BASSETERRE, St. Kitts – POLICE have confirmed that the human remains discovered in a 180-foot well in the White gate area is that of the missing teenager, Jakeel Alford.
Police Press and Public Information Officer (PIO) Sergeant Stephen Hector this morning (June 19) informed this media house, in a one line statement, that the remains were positively identified as the missing 17-year-old from Willets Project in St. Paul’s.
The PIO did not state what method was used to identify the remains, but SKNVibes however learnt that it was by the fingerprints of one of Alford’s hands that was not entirely destroyed when the body was burnt.
This information was confirmed by one of Alford’s brothers, Meshach, who said that the police had informed him of their findings.
The former Verchild’s High School student had been missing since Thursday, June 7, 2012, and numerous search parties by family members, headed by Meshach, were launched to find him.
According to Meshach, members of the Police Force, along with a tracking dog, had twice assisted them in the search for his brother.
But it was not until one week later (June 14) that his remains were discovered and extracted from a 180-foot well within a tall-grassy patch of land in the White Gate area in Dieppe Bay.
Speaking with Sergeant Hector on that day, this publication was told that while conducting a joint operation in the White Gate area, police officers and soldiers discovered a burnt area that aroused their suspicion of an illegal activity.
“Earlier this morning, sometime before 10 o’clock, officers of the St. Kitts-Nevis Defence Force, whilst on a joint operation with officers from the Royal St. Christopher and Nevis Police Force, came across an area in the White Gate area close to the mill some 250 feet away from the main road.
“On that site in question, we found an area that had a burnt patch and also a well in which examinations are currently ongoing with regards to the find. But I can report at this stage that we have asked for assistance from the Fire and Rescue Services. They have been summoned to the scene and we are about to do some rappelling in that location to actually retrieve and try to identify what may be suspected down at the bottom of that well.”
He also said that between the well and the burnt area they had found some particles that was later “denoted to be human remains, and was actually identified as human remains by our forensic examiner Lieutenant Alexander”.
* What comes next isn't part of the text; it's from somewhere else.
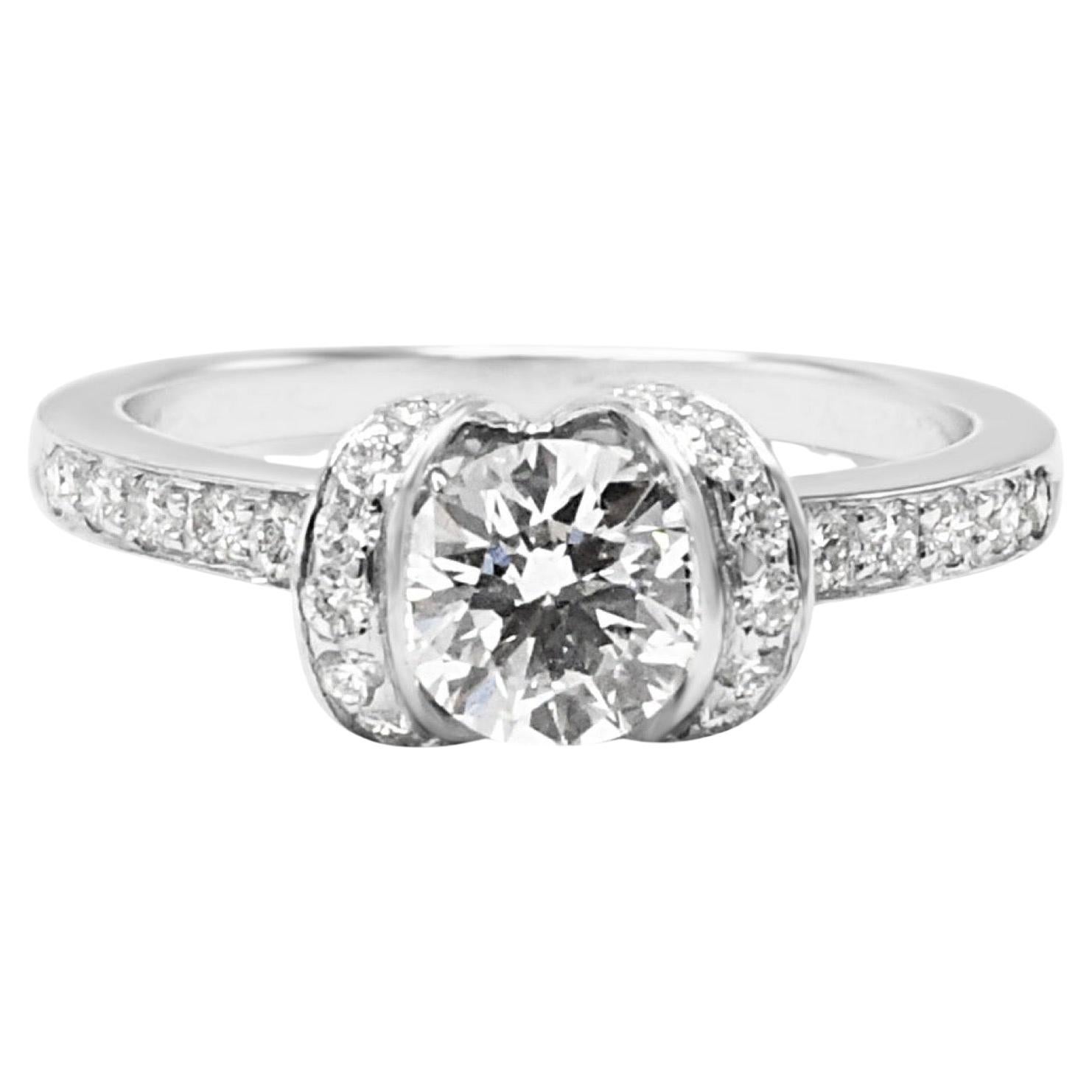 Bague de fiançailles solitaire en diamant certifié par Tiffany Ribbon - Platine en vente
A section from the Fire and Rescue Services were summoned to the scene and one member rappelled down the well where he located the remains.
SKNVibes learnt that the body seemed to have been dismembered before being burnt and thrown into the well, because the remains had to be placed in a number of buckets and taken to the surface where members of the Crime Scene Unit conducted further investigations.
Alford was the second teen to have gone missing in as many months and his death takes to 10 the number of murders committed in the Federation for this year; eight on St. Kitts and two on Nevis.
On Saturday (Apr. 28), Dylon Clarke of Church Ground, Nevis was last seen in the vicinity of Moon’s Bar in Church Ground at approximately 6:00 p.m.
Since then, a number of searches were conducted by family members, friends, the police and the Nevis Disaster Management Department to find the teenager.
Assistance was also gained from a K-9 Unit of the USVI Police Department, which provided a cadaver tracking dog with two handlers, but they also failed to locate Clarke.